In a concern over votes, regional government spending is on the rise. In addition, Spain Mandates “Stop the Bleeding” No More Layoffs in Public Companies.
“Stop the Bleeding” via translation …
Nine months after the local elections, the government has begun to show signs of needing a push to overcome the electoral polls. The unemployment remains, along with public debt, macroeconomic data that further tarnishes their results. For this reason, some sources claim that the Government has called on companies possessing some control to hire staff or fail to fire.
Although the discourse of government is to “rationalize public spending” and “reduce the number of officials,” the fact is that regional governments are the largest employer in the country. Together, they have more than 2.5 million workers, and despite successive cut plans, thirteen regions have increased their spending on staff.
According to sources, some companies linked to State or investments through the State Society for Industrial Holdings (Sepi), have begun to put the brakes on the dismissal of staff working at the express request of the Government.
Here’s the essence: Public companies where the Spanish government has tentacles have been ordered “don’t fire”.
By the way, companies that can’t fire, won’t hire. Of course that does not apply to the government itself.
Austerity? Where is it?
With government spending going up in 13 of 17 autonomous regions in Spain and with a slowdown in Europe at large, it’s quite easy to predict another budget deficit target miss by Spain.
IMF Forecasts 19% Unemployment in 2019, Asks Spain to Increase VAT
Here’s one I missed from July: IMF Improves Forecast for Spain, but Expects Unemployment Rate of 19% in 2019.
Also via translation …
According to projections by the institution in the medium term, growth will remain at around 1.5 or 2% and unemployment will drop significantly but at 18.7%
The IMF however has improved its growth forecasts, but also stressed the need to raise VAT and cut contributions to Social Security.
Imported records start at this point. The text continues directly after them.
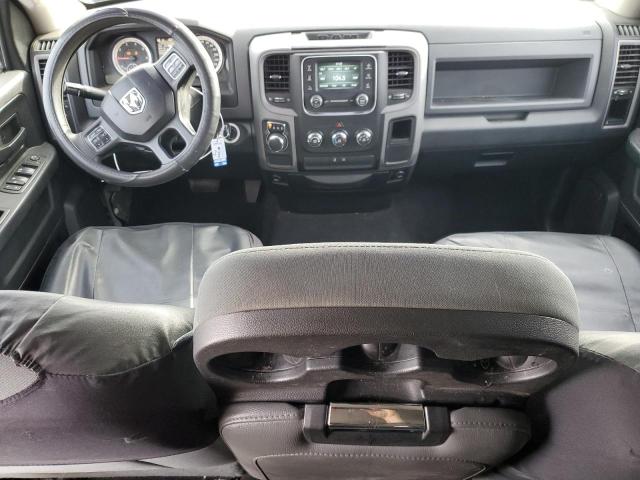 Photo 8 from auction – 2016 RAM 1500 ST with VIN 1C6RR6FG7GS179504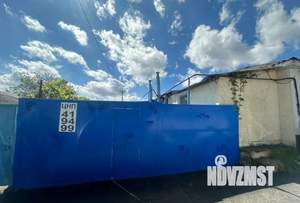 Дом 100м², 1-этажный, участок 2 сот.  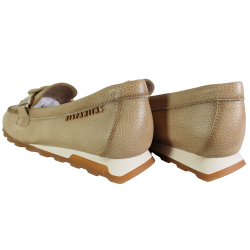 Półbuty Damskie Hispanitas HV264662 Bolero V26 Desert Skóra Naturalna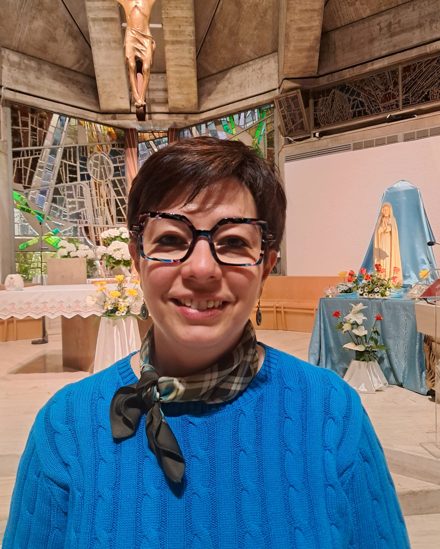 Donatella Sauta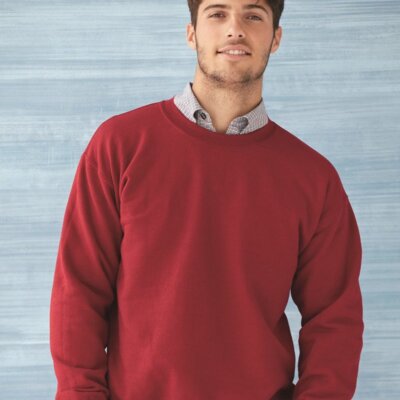 DryBlend® Crewneck Sweatshirt Thumbnail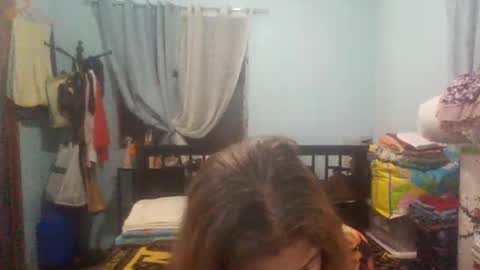 sexyregy69 online show from 01/20/25, 07:25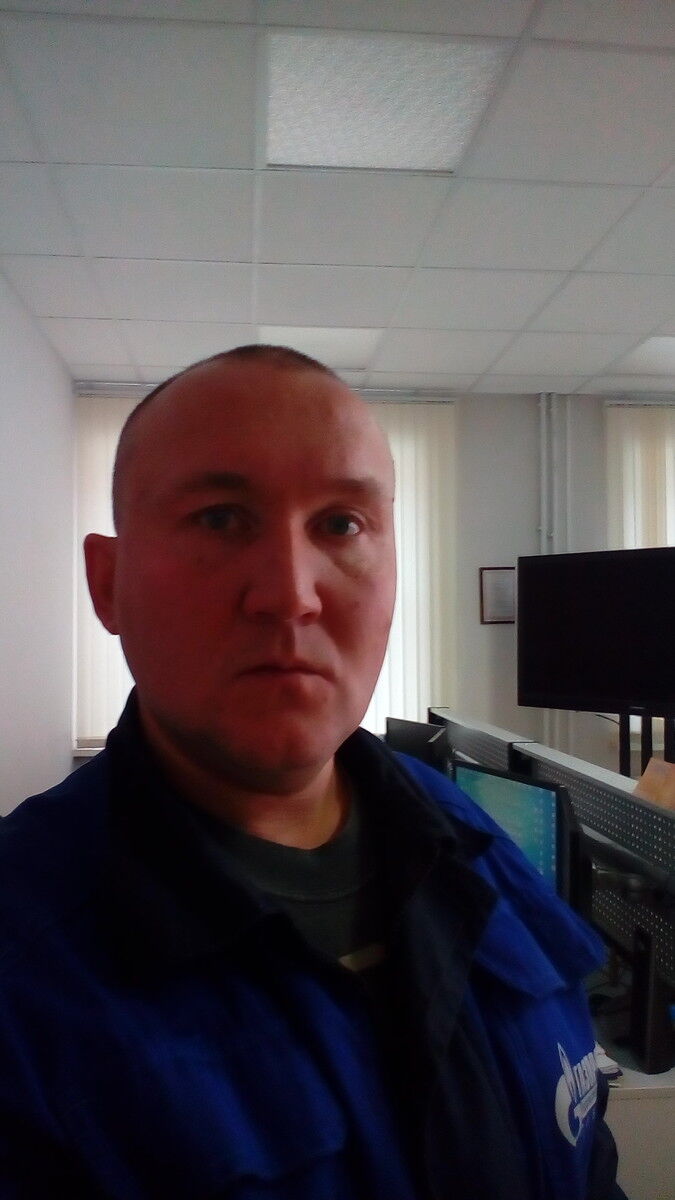  ,   Serg, 51 ,   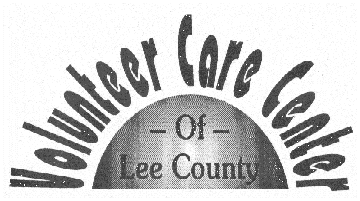 Volunteer Care Center of Lee County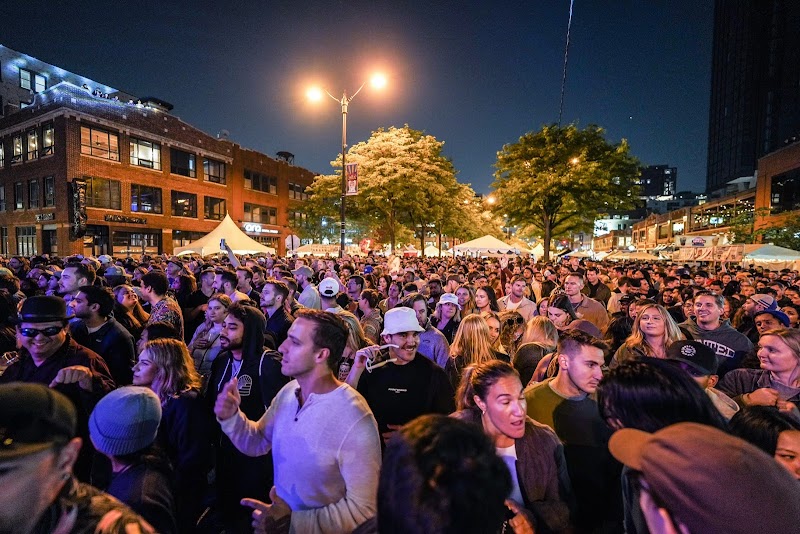 Taste Of Randolph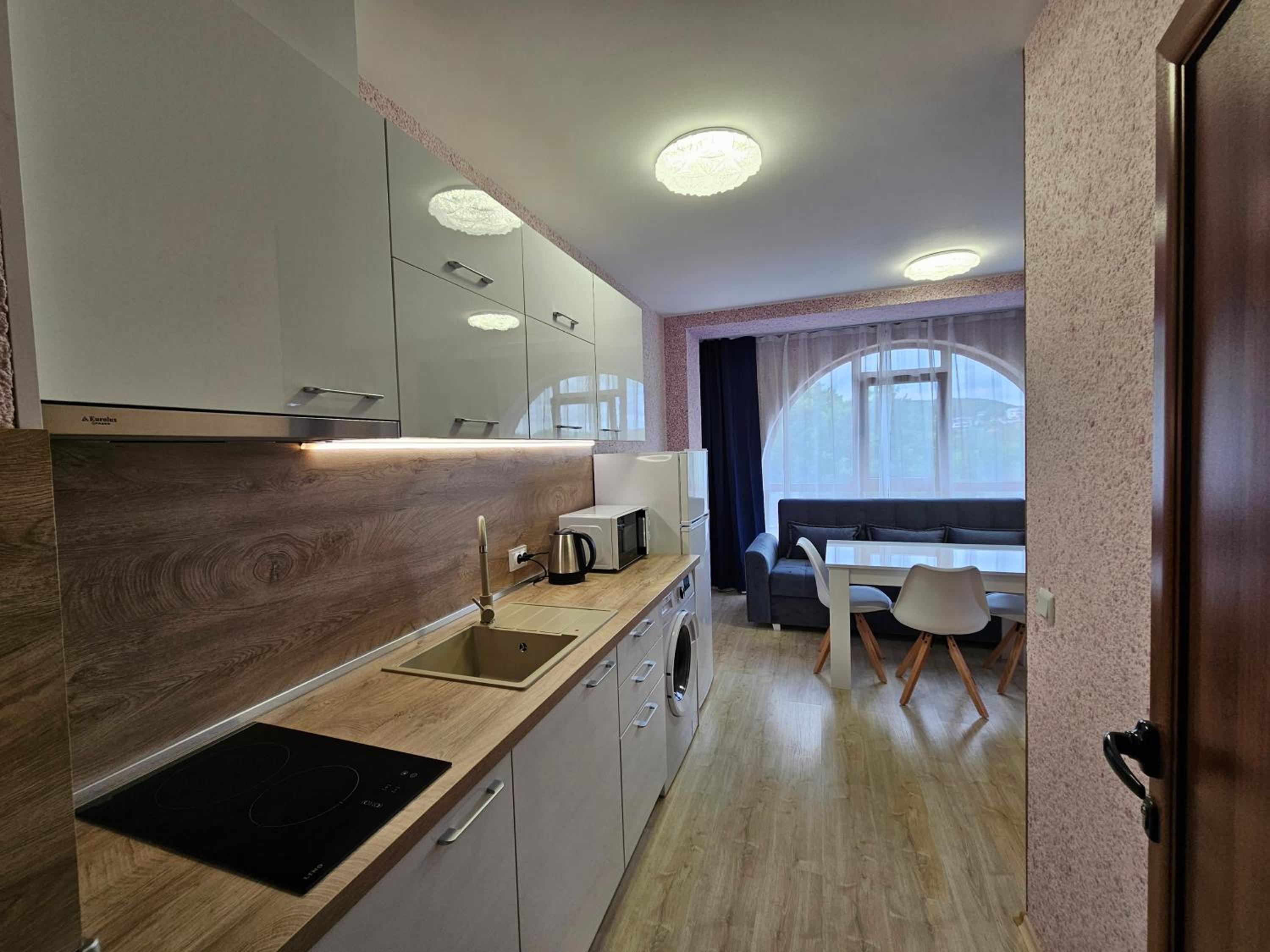 Appartement Jana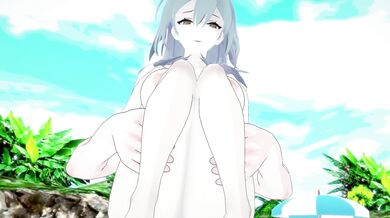 The Starry Sky and the Moonlight: Caelus & Stella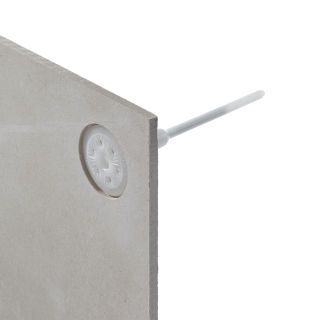 Brillux WDVS Wandschutzplatte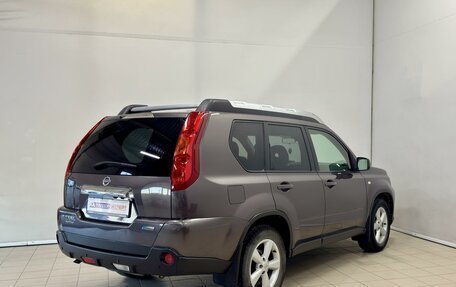 Nissan X-Trail, 2010 год, 1 339 000 рублей, 6 фотография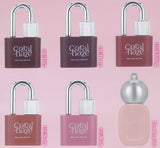 Coralhaze Miniature Keychain [All 6 type set (Full Complete)]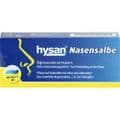 HYSAN Nasensalbe – Bild 1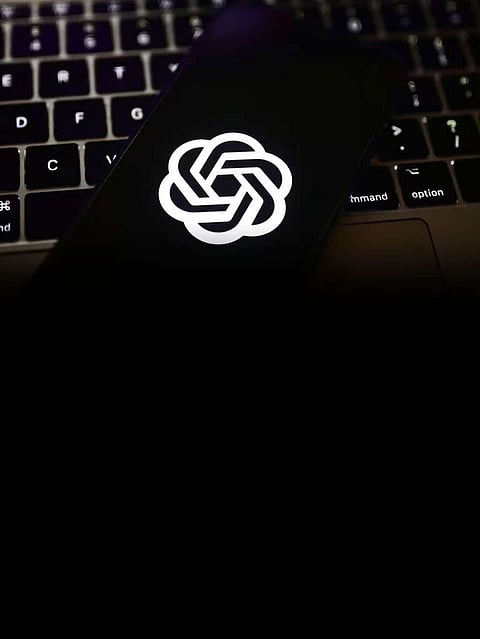 ChatGPT Is Being Dragged to US Court For AI Copyright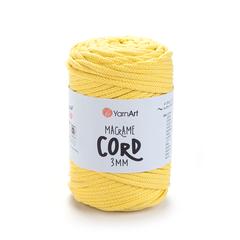 Macrame Cord 3mm 754 YarnArt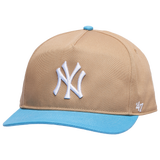 Khaki/Carolina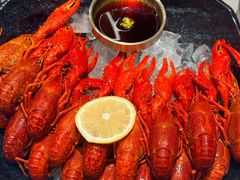 -龙虾奇迹(大华三路店)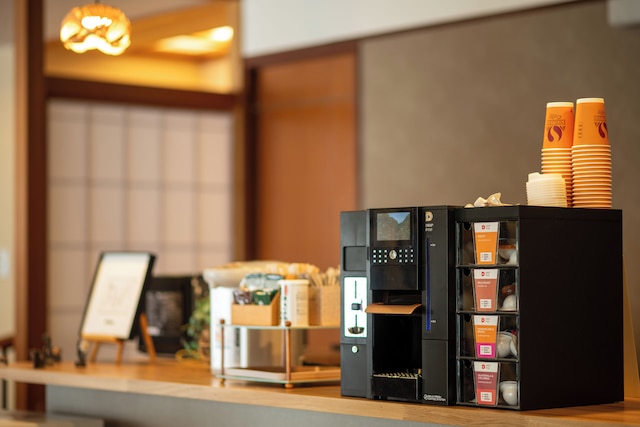 湖畔浪漫の宿かたくりの花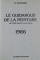 LE GUIDARGUS DE LA PEINTURE DU XIX SIECLE A NOS JOURS 1986 par G. SCHURR , 1986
The governing body of Christine Lagarde, the Spanish economy expected to grow 1.2% in 2014 and 1.6% in 2015 compared with 0.9% and 1% previously. Also forecast a steady pace of expansion will allow GDP growth of 1.7% in 2016 and 1.8% in 2017, while in 2018 would lead to 1.9% and 2% a year later.
Spain’s unemployment rate is 24.5% according to Eurostat.
The scary thing is the IMF is typically overoptimistic on everything. If Spain actually raises the VAT as the IMF wants, it 99% certain Spain will not hit even the IMF’s lowered growth targets.